I must confess, I am a plant killer. Over the years I have owned and attempted to nurture many plants. But they are all dead now. I think if given the chance I could even kill kudzu.
Despite my lack of agricultural giftings I am able to understand an important metaphor Jesus uses in John 15. In this chapter Jesus notes that He is the true vine and we are the branches. He highlights how the survival of a branch is directly connected to its ability to stay connected to the vine. In the same way, our spiritual life is directly tied to our connectedness to Jesus. As we abide in Jesus we are able to grow spiritually and bear fruit. Jesus is giving us an overview of the Christian life. If we are truly a Christian, if we are really following Jesus, then we will be connected to Him and bearing fruit.
So, what does it mean to abide in Jesus? It is all about a relationship with Him. We begin this relationship by professing Jesus as our Lord and Savior and following Him as His disciple. We grow in our connectedness to Jesus by a constant exposure to Him through His Word. This involves consistently reading, studying, and memorizing Scripture. Furthermore, Jesus reminds us of the importance of prayer as it relates to abiding. We are called to seek God in prayer asking Him to work in and through us to bear fruit for His glory. We realize we can do nothing apart from God’s grace and so we ask Him to do it through us.

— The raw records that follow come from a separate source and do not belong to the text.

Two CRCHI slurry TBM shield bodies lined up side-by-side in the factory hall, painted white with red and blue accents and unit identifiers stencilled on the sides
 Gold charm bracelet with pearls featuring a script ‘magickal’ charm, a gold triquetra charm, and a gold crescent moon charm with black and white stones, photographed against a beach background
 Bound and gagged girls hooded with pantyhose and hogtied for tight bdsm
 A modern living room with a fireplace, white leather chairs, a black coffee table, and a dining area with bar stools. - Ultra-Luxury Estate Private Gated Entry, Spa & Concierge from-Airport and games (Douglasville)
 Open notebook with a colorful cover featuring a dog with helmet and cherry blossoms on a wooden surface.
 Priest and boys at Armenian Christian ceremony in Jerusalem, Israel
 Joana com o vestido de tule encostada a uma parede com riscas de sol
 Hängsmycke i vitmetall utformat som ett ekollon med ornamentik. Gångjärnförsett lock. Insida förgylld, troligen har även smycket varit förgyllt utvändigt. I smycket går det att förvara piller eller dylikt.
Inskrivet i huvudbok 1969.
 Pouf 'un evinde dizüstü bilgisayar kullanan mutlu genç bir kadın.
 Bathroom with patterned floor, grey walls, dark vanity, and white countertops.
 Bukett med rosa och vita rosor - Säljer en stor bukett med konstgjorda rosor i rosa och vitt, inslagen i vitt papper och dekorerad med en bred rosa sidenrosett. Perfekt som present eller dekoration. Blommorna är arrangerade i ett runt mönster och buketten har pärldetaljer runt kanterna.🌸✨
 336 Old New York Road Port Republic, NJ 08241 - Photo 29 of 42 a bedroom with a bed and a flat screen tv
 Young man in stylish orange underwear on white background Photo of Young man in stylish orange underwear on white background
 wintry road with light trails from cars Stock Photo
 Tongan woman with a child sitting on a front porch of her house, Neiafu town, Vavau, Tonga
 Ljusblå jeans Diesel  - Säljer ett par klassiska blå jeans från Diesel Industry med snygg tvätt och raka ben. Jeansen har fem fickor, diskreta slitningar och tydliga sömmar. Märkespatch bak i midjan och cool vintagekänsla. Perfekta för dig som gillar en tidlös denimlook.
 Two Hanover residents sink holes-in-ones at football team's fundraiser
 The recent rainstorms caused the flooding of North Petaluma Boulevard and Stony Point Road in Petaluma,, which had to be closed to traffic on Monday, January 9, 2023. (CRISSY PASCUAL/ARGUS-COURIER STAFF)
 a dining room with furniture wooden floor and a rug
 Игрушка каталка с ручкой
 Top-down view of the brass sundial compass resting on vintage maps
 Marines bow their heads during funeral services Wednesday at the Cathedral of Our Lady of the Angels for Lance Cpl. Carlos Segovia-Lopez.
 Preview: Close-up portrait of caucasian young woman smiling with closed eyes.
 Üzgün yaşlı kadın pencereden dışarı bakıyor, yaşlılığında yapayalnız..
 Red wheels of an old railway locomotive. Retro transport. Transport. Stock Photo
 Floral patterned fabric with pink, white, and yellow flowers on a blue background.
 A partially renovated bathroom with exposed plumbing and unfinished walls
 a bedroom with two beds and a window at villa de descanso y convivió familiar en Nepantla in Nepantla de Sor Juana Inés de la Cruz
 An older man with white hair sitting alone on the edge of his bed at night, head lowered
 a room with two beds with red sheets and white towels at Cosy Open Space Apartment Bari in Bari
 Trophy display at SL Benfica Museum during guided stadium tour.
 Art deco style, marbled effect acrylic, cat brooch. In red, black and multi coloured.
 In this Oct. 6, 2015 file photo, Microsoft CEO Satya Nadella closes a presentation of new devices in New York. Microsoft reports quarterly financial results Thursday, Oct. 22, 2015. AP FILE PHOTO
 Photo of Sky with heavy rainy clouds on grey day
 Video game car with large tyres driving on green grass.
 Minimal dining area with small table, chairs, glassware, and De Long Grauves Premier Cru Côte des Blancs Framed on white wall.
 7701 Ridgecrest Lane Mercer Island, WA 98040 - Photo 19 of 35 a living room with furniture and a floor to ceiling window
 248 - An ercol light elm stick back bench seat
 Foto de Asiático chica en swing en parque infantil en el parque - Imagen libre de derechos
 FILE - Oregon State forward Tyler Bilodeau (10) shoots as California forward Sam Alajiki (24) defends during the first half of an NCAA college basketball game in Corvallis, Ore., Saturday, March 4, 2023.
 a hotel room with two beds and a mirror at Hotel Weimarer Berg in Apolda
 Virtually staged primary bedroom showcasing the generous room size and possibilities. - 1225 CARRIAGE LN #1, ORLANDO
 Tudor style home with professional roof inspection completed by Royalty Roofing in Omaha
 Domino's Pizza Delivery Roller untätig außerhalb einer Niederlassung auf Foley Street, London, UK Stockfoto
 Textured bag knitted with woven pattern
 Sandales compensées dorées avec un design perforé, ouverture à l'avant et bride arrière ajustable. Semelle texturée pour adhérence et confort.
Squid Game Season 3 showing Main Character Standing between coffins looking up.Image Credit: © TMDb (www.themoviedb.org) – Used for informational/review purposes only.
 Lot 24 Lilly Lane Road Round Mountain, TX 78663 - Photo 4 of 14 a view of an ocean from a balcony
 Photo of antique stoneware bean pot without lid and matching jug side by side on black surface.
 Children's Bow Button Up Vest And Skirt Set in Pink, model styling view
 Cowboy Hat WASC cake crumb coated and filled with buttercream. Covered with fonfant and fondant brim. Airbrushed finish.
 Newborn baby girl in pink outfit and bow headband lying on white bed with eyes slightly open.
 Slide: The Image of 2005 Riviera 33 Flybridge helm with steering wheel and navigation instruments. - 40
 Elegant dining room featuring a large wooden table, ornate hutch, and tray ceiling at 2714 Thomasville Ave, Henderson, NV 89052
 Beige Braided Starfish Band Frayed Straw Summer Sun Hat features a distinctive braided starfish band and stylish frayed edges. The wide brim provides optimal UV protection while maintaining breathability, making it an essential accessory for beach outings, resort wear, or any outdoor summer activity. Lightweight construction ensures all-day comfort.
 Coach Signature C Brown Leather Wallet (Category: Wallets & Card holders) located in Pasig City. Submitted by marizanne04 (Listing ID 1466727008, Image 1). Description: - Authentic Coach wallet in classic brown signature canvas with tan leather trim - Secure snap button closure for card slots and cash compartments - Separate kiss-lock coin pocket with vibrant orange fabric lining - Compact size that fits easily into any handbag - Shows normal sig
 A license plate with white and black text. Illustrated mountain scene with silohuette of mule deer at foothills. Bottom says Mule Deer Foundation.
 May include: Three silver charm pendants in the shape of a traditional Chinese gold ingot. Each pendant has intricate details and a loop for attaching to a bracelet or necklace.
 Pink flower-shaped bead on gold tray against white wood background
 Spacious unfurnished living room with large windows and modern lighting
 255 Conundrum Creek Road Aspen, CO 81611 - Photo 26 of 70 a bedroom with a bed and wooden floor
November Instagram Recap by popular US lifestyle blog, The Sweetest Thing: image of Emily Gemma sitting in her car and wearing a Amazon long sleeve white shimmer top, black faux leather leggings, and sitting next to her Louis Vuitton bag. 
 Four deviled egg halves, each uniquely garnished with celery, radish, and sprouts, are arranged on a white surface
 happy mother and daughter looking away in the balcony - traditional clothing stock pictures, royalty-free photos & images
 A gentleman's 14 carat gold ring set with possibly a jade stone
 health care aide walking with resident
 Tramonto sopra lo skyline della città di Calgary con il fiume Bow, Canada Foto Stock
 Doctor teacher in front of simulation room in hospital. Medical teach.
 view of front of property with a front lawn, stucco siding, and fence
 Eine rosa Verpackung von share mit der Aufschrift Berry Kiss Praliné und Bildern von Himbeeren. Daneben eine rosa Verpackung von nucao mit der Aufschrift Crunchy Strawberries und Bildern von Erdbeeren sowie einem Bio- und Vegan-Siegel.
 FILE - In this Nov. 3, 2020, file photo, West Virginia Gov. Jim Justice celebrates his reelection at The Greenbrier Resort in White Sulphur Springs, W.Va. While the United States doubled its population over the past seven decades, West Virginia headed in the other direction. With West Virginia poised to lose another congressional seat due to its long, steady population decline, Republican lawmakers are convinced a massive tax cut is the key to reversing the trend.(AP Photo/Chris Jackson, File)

The fruit that Jesus speaks of is designed to be an all – inclusive statement. We bear fruit when we love and forgive as we are called to do. We bear fruit when we use the gifts God has given us to serve others. We bear fruit when we display the fruits of the Spirit as listed in Galatians 5. We bear fruit when we share the gospel with others and make disciples.
Jesus notes that God does not want us to live a life of mediocrity. A life that bears little fruit. He calls us to abide deeply in Him and rely on Him to bear much fruit in and through us. Our fruitfulness is based upon our ability to abide, not by doing these good things in our own power and strength.
But there is another way in which God makes us more fruitful. This way is not easy, in fact it is often painful. The process Jesus mentions is pruning. Although somewhat counterintuitive, pruning actually helps plants to grow. Gardeners will trim plants to help direct growth, encourage new growth, or eliminate unhealthy portions of a plant. In the same way God uses trials, hardships, and difficulties to remove unhealthy areas of our lives, make us rely on Him more, and bear a deeper and richer fruit in our lives. Paul, Peter, and James all echo this concept in their letters as well (Romans 5 and 8, 1 Peter 1, James 1).
They key to pruning is often perseverance. The process does not occur overnight. And so, as James and Paul both remind us we must be patient (James 1; Galatians 6). We must not grow weary of doing good and trust that God will reward our faithfulness if we do not give up.
So, how fruitful are you? We all have areas in which we can be more fruitful. Let me encourage you to take time today to open up God’s Word and connect to the life – giving promises of Scripture. Seek God in prayer and ask Him to help you to grow in your fruitfulness. And, if you find yourself in the midst of a pruning trust that God is intending this experience for your good. He promises to always do what is best for you. Continue to trust and allow the pruning to have its effect.